§ **Exercise objective**
Go through the listing and return every line with "Black" in it.

(Data supplied begins)

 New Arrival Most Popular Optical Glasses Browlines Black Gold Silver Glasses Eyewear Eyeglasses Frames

(Data supplied ends)
(Data supplied begins)

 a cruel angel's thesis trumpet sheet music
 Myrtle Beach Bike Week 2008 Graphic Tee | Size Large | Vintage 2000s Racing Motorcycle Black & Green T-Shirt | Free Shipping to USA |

(Data supplied ends)

§ **Exercise output**
 New Arrival Most Popular Optical Glasses Browlines Black Gold Silver Glasses Eyewear Eyeglasses Frames
 Myrtle Beach Bike Week 2008 Graphic Tee | Size Large | Vintage 2000s Racing Motorcycle Black & Green T-Shirt | Free Shipping to USA |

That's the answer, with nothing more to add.